Diabetes is a risk factor for osteoporosis. Annatto-extracted tocotrienols (TT) have proven benefits in preserving bone matrix. Here, we evaluated the effects of dietary TT on glucose homeostasis, bone properties, and liver pro-inflammatory mRNA expression in high-fat diet (HFD)-induced type 2 diabetic (T2DM) mice. 58 male C57BL/6 J mice were divided into 5 groups: low-fat diet (LFD), HFD, HFD + 400 mgTT/kg diet (T400), HFD + 1600 mgTT/kg diet (T1600), and HFD + 200 mg metformin/kg (Met) for 14 weeks.

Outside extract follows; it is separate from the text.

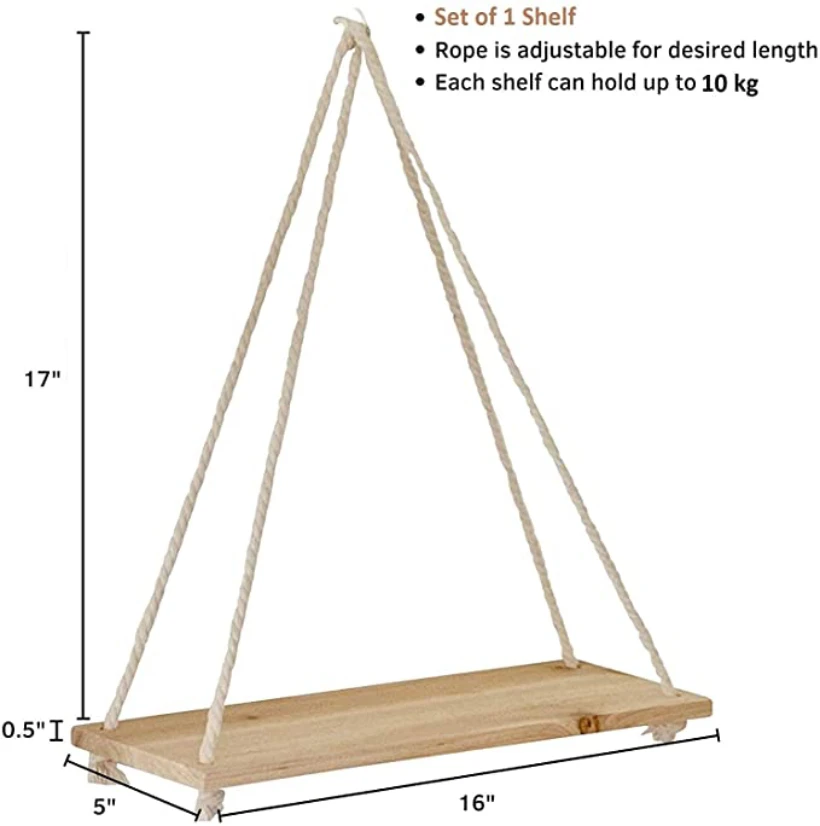 Wooden Wall Floating Hanging Shelf/ Wall hang shelf Home decoration/Pure Natural Wood Wall mounting Ledge rustic shelf storage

Relative to the HFD group, both TT-supplemented groups (1) improved glucose homeostasis by lowering the area under the curve for both glucose tolerance and insulin tolerance tests, (2) increased serum procollagen I intact N-terminal propeptide (bone formation) level, trabecular bone volume/total volume, trabecular number, connectivity density, and cortical thickness, (3) decreased collagen type 1 cross-linked C-telopeptide (bone resorption) levels, trabecular separation, and structure model index, and (4) suppressed liver mRNA levels of inflammation markers including IL-2, IL-23, IFN-γ, MCP-1, TNF-α, ITGAX and F4/80. There were no differences in glucose homeostasis and liver mRNA expression among T400, T1600, and Met. The order of osteo-protective effects was LFD ≥T1600 ≥T400 = Met >HFD. Collectively, these data suggest that TT exerts osteo-protective effects in T2DM mice by regulating glucose homeostasis and suppressing inflammation.

Gamma-tocotrienol attenuates the aberrant lipid mediator production in NLRP3 inflammasome-stimulated macrophages

The activation of NLRP3 inflammasome in innate immune cells is associated with enhanced production of pro-inflammatory lipid mediator eicosanoids that play a crucial role in propagating inflammation. Gamma-tocotrienol (γT3) is an unsaturated vitamin E that has been demonstrated to attenuate NLRP3-inflammasome. However, the role of γT3 in regulating eicosanoid formation is unknown. We hypothesized that γT3 abolishes the eicosanoid production by modulating the macrophage lipidome. LPS-primed bone marrow-derived macrophages (BMDM) were stimulated with saturated fatty acids (SFA) along with γT3, and the effects of γT3 in modulating macrophage lipidome were quantified by using mass spectrometry based-shotgun lipidomic approaches. The SFA-mediated inflammasome activation induced robust changes in lipid species of glycerolipids (GL), glycerophospholipids (GPL), and sphingolipids in BMDM, which were distinctly different in the γT3-treated BMDM. The γT3 treatment caused substantial decreases of lysophospholipids (LysoPL), diacylglycerol (DAG), and free arachidonic acid (AA, C20:4), indicating that γT3 limits the availability of AA, the precursor for eicosanoids. This was confirmed by the pulse-chase experiment using [³H]-AA, and by diminished prostaglandin E₂ (PGE₂) secretion by ELISA. Concurrently, γT3 inhibited LPS-induced cyclooxygenases 2 (COX2) induction, further suppressing prostaglandin synthesis. In addition, γT3 attenuated ceramide synthesis by transcriptional downregulation of key enzymes for de novo synthesis. The altered lipid metabolism during inflammation is linked to reduced ATP production, which was partly rescued by γT3. Taken together, our work revealed that γT3 induces distinct modification of the macrophage lipidome to reduce AA release and corresponding lipid mediator synthesis, leading to attenuated cellular lipotoxicity.